Table 2 Descriptive statistics of growth traits at different ages and sites

EBV values varied with ages and sites through single-site-single-age analysis

Based on single-site-single-age model, the EBV ranking of the H and DBH in each family differentially changed at different ages and sites (Fig. 2). For example, regardless of whether the trait was H or DBH, the Lt4 family performed well at sites JDZ and XS but performed poorly at site JX. Family Lt20 performed well at site JX, but its performance at sites JDZ and XS was moderate. In addition, even if the same family was located at the same site, there were also differences during different ages. For instance, the family Lt7 performed well in H at the age of 4 at site XS, but it performed moderately well at other ages. Of course, the extent of this difference varied among different traits. This observation showed that the age and site should be considered within the family selection.

Fig. 2
figure 2

EBV ranking of families (left side for H, right side for DBH) at different ages (4, 5, 6, 7 and 8) and sites (JDZ, XS and JX). The small square in red indicates that its EBV value ranks high, and a darker shade indicates a higher or lower ranking

Age trends of variance components, rA and heritability with multisite-single-age analysis

Various genetic parameters were estimated using a multisite-single-age model to display the age trend of them.

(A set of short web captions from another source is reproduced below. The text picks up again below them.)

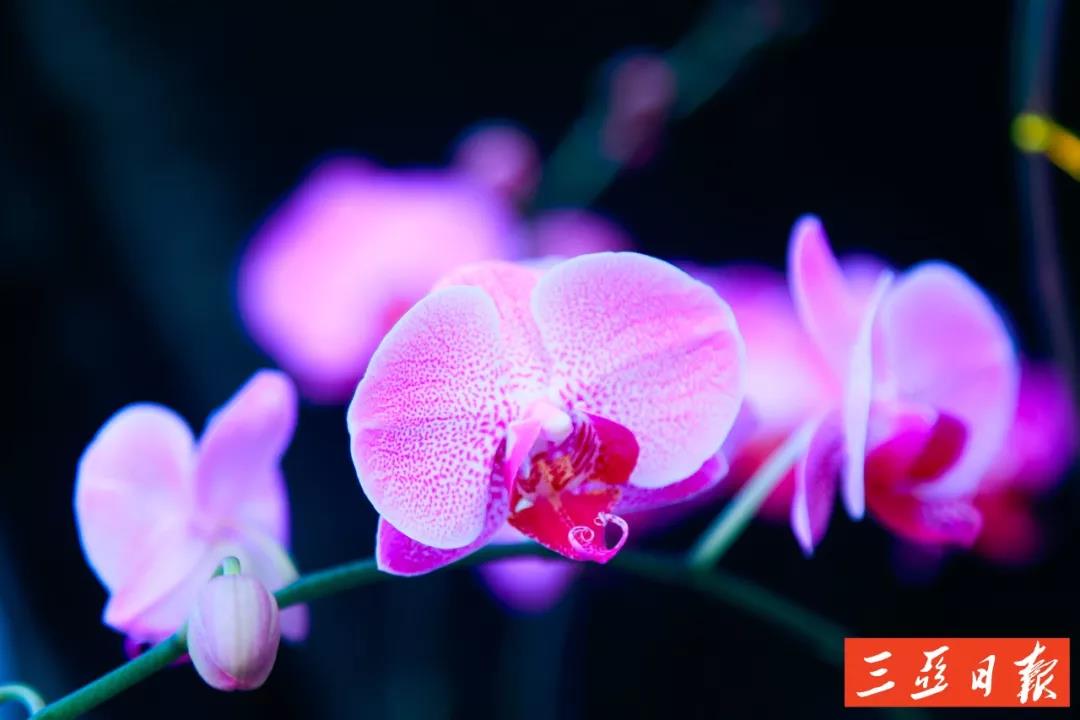 微信圖片_20191205171638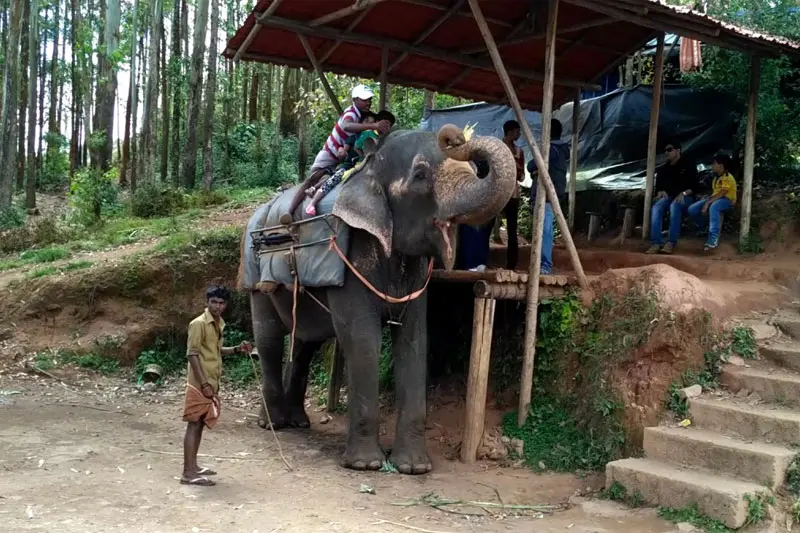 Minute Elephant Ride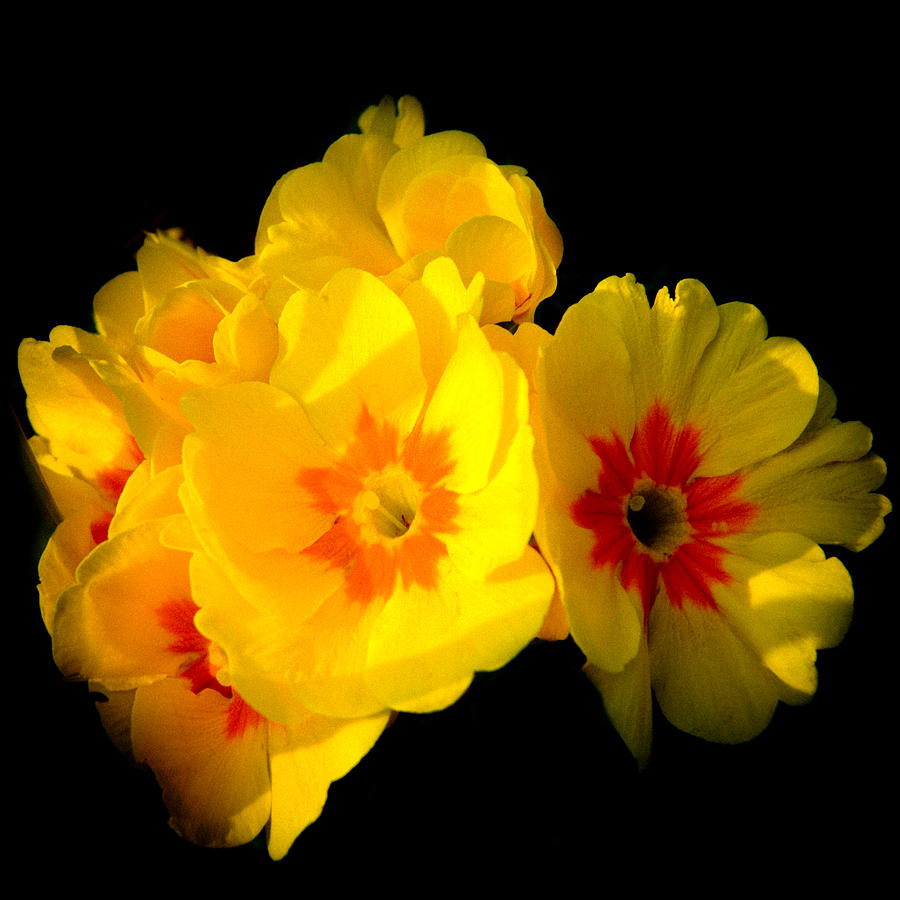 Flower Photograph - SUNSHINE english garden yellow marigold flowers in bloom by Andy Smy
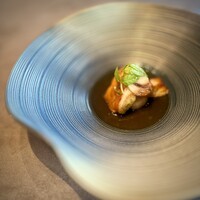 TSUSHIMI - ヤマドリダケモドキ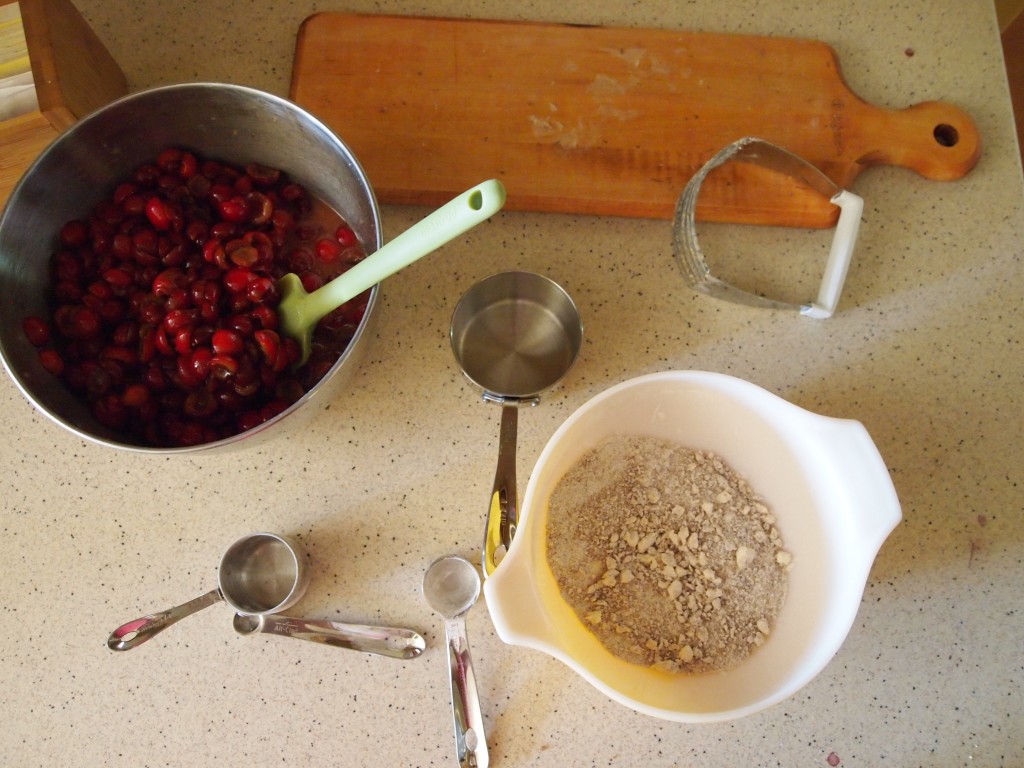 sour cherries and streusel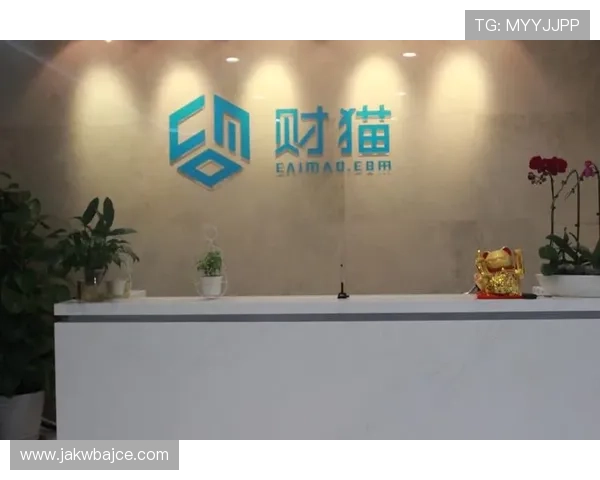 乐投：乐投平台的风险控制策略与安全措施，保障你的资金安全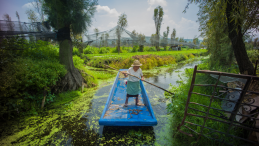 A woman farms the chinampas in Xochimilco, Mexico City on her boat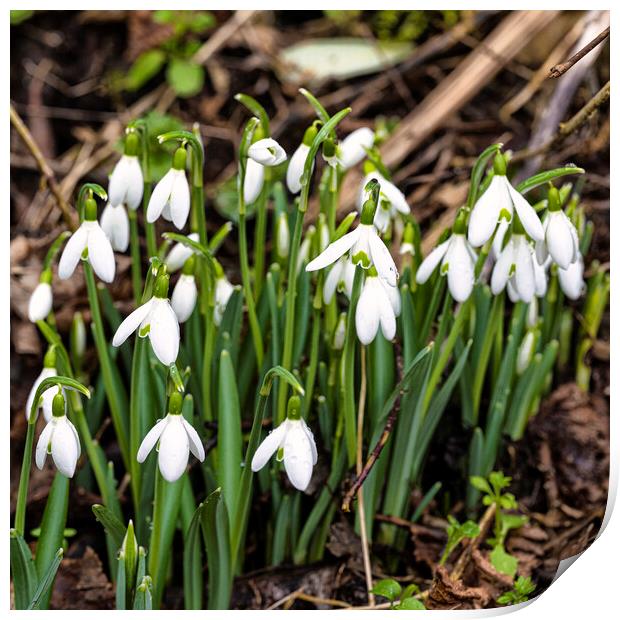  flowering snowdrops in woodland Print by kathy white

As shown in Table 3, except for the age of 6 for trait H, the fixed site effects were significant (P < 0.05) or highly significant (P < 0.01) in H and DBH at all other ages, and those of SH and SGD were all highly significant. The family variance within sites JDZ, JX and XS for trait H ranged from 0.048 to 0.550, 0.056 to 1.623, and 0.043 to 0.688, respectively, while that for the trait DBH ranged from 0.097 to 0.908, 0.136 to 3.125, and 0.202 to 3.158, respectively. With age, the family effect variance all increased at all sites; however, the age trend of additive covariance differed among locations and was different, showing that the covariance fluctuated with age and even displayed negative correlations among sites at some age. The additive genetic covariance among sites ranged from -0182 to 0.312 in H and -0.069 to 0.567 in DBH, respectively; both traits had the maximum value between sites JDZ and JX, and minimum value between site JX and XS. Moreover, the covariance values were all negative between sites JX and XS across ages.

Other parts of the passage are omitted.